[Dataset entries]

+===+

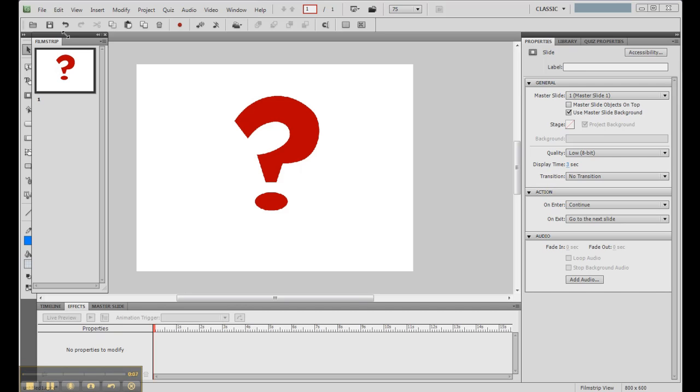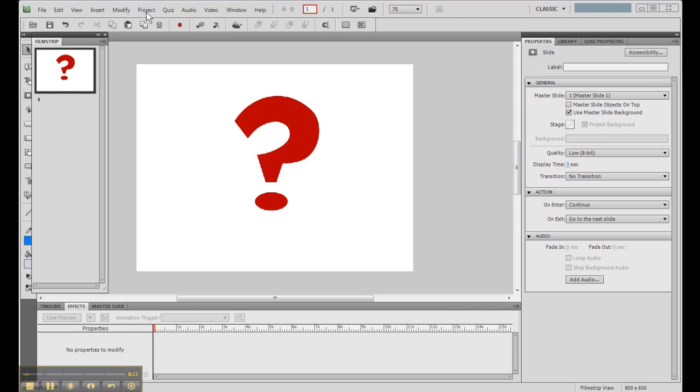Today I want to talk about something new to Captivate 5, which will be a real time saver, especially if you're like me and hate creating quiz questions or anything to do with quizzes. I find it tedious in previous versions of Captivate, but in this version, it's a lot easier.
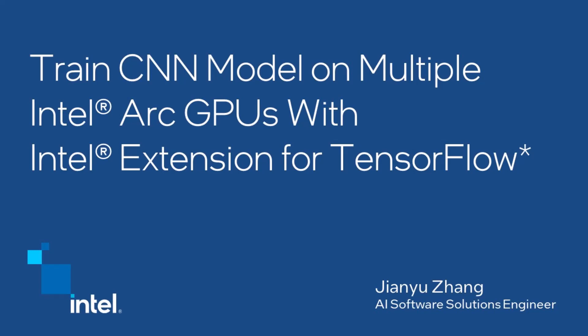In this video, we will show how to train a CNN model on multiple Intel Arc GPUs with Intel Extension for TensorFlow.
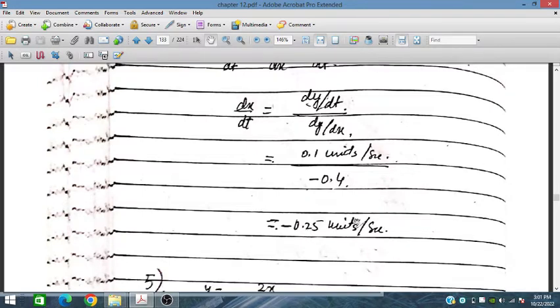Since dy/dt = dy/dx × dx/dt, we can find dx/dt = (dy/dt) / (dy/dx) = 0.1 / 0.4 = 0.25 units per second. That is the required value.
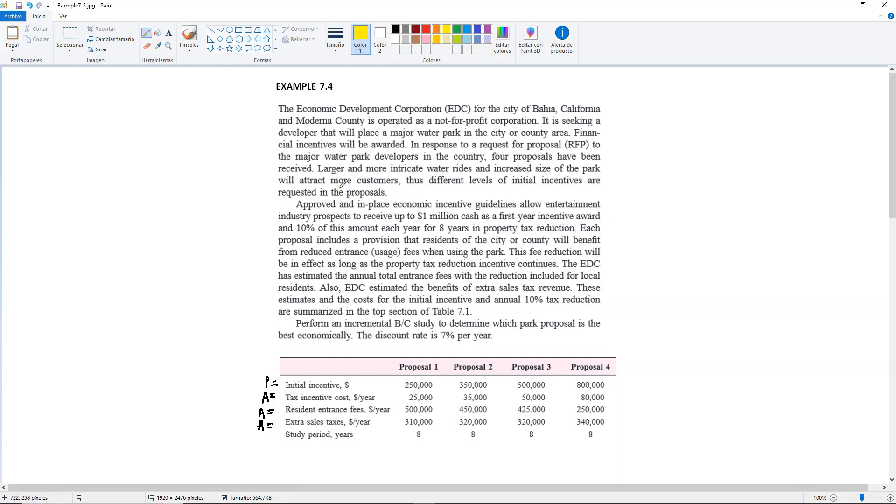I'm gonna skip that because then it says approved and in-place economic incentive guidelines allow entertainment industry prospects to receive up to one million dollar cash as a first-year incentive award and 10% of this amount each year for eight years in the property tax reduction.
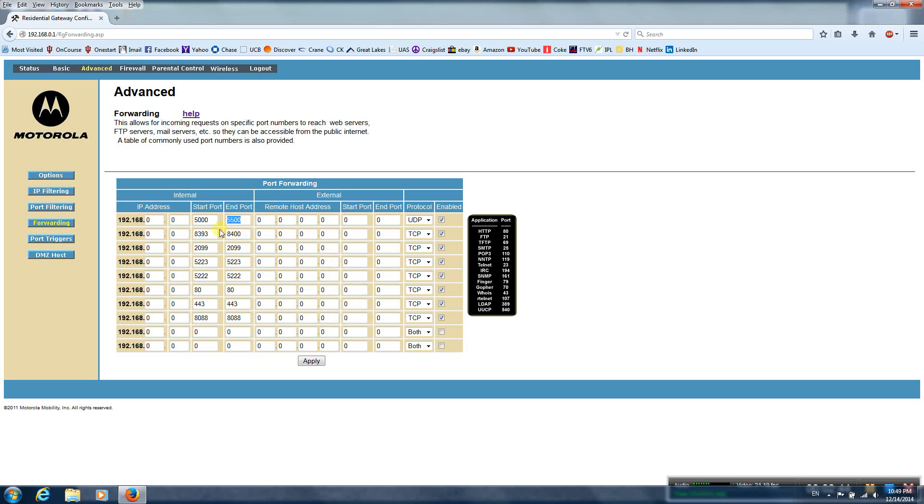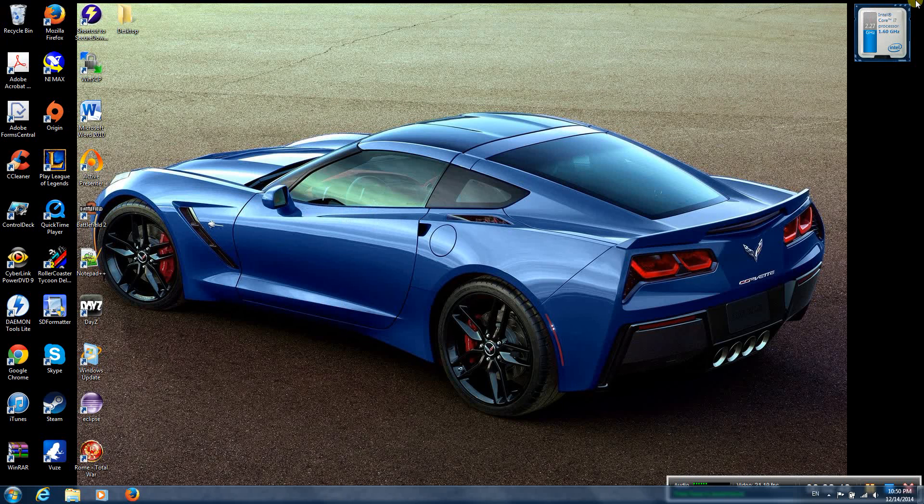So once you have entered that, hit apply, and log back out of your router, and you should be good to go. Thanks.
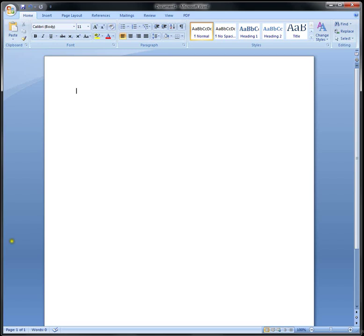Hello, I'm going to show you how to create an APA title page with the running head on page 1 and the title only on page 2 and so forth.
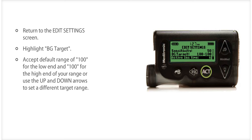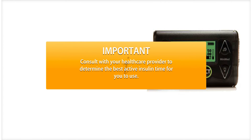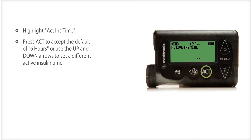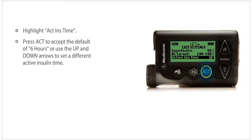Press ACT to return to the Edit Settings screen. The final information to enter is active insulin time. The Bolus Wizard feature uses the active insulin time to calculate the amount of active insulin that remains in your body from previous boluses, and then subtracts that amount from correction bolus insulin that you may need to give to correct a high blood sugar. Active insulin time is most commonly set at either five or six hours for adults. Please consult with your health care provider to determine the best active insulin time for you. To set active insulin time, select Active Insulin Time on the Edit Settings screen and press ACT. You will see 6 flashing on the screen. If you wish to change the active insulin time, use the up or down arrows, set the number of hours, and press ACT again.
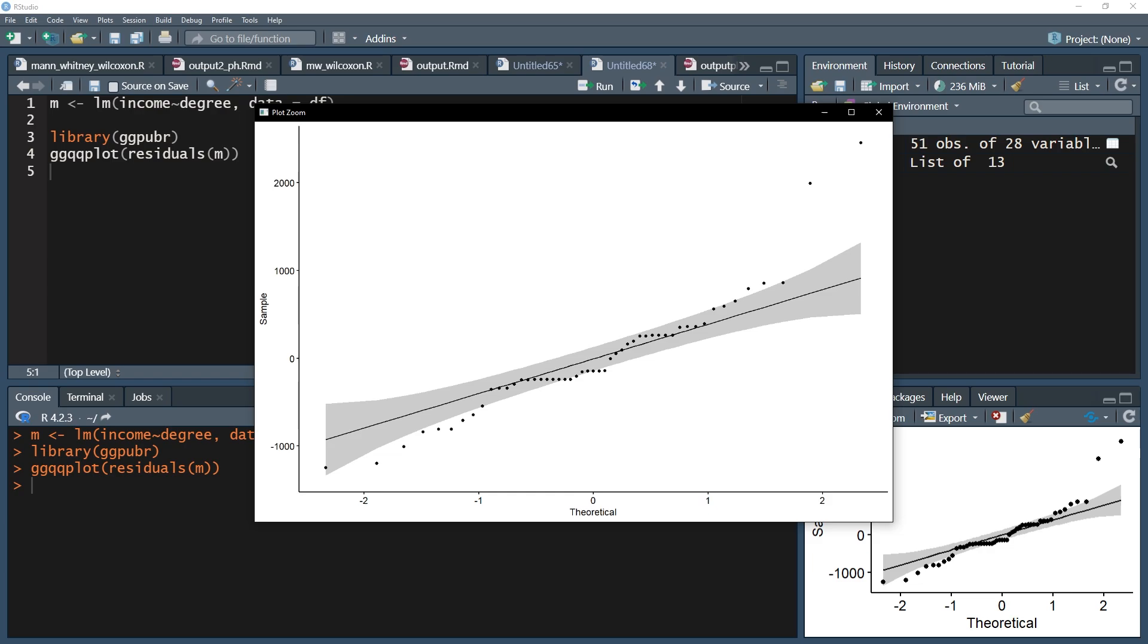Again, there will be acceptable deviations, especially on the edges of the distribution, meaning the upper right-hand corner and the lower left-hand corner. For my residuals, deviations in the top right-hand corner and in the lower left-hand corner can be a bit problematic.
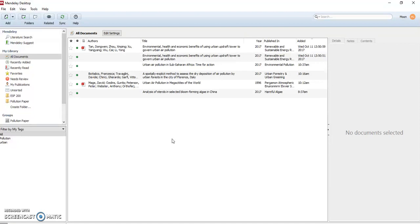Often as you get going and you have added many papers to your Mendeley library, you may wind up with a few duplicate entries. And there's a very easy way to merge these.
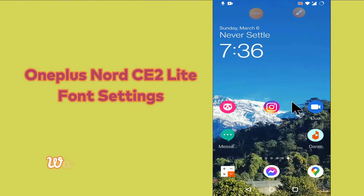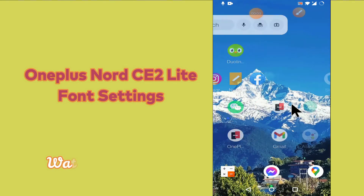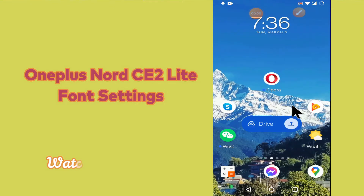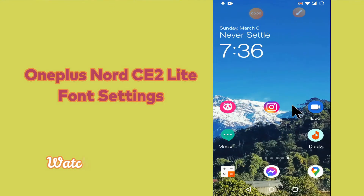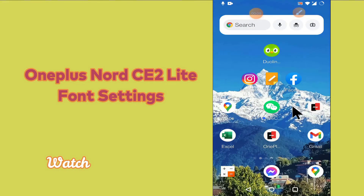Hello everyone, hope you are doing great, welcome to my YouTube channel. In my today's video, I'll be telling you how to change font size or style in your device OnePlus Nord CE 2 Lite 5G. So if you want to change font size and style in your device, you can do it by following the steps which I'll be sharing with you in my today's video.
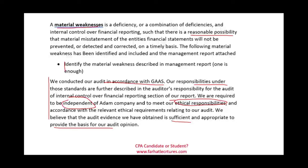Go to Farhat Lectures and work multiple choice questions. Look at additional resources to help you prepare for the CPA exam and understand integrated audits — it's an important topic that is tested. Good luck, study hard, and stay safe.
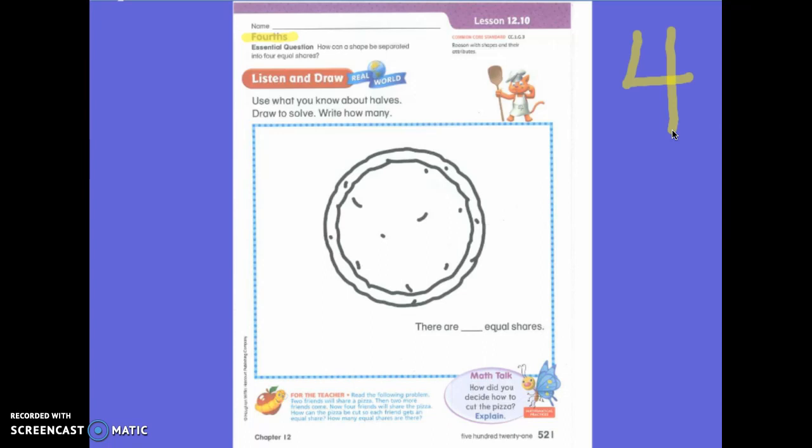So two friends will share a pizza. Then two more friends come. Now four friends will share this pizza. How can the pizza be cut so each friend gets an equal share?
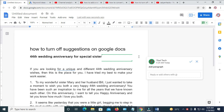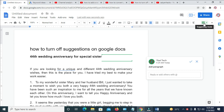So to turn off this, what you have to do is just come right here — as you can see, it says Suggesting mode. Just come here, click on it, then change it to editing mode.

+===+

▶ [Work to be completed] Write out exactly the lines between the start of the data and the line with "So once you", including both, but none of the pictures.

▶ [Answer to this problem]
Today I want to talk about something new to Captivate 5, which will be a real time saver, especially if you're like me and hate creating quiz questions or anything to do with quizzes. I find it tedious in previous versions of Captivate, but in this version, it's a lot easier.
In this video, we will show how to train a CNN model on multiple Intel Arc GPUs with Intel Extension for TensorFlow.
Since dy/dt = dy/dx × dx/dt, we can find dx/dt = (dy/dt) / (dy/dx) = 0.1 / 0.4 = 0.25 units per second. That is the required value.
I'm gonna skip that because then it says approved and in-place economic incentive guidelines allow entertainment industry prospects to receive up to one million dollar cash as a first-year incentive award and 10% of this amount each year for eight years in the property tax reduction.
So once you have entered that, hit apply, and log back out of your router, and you should be good to go. Thanks.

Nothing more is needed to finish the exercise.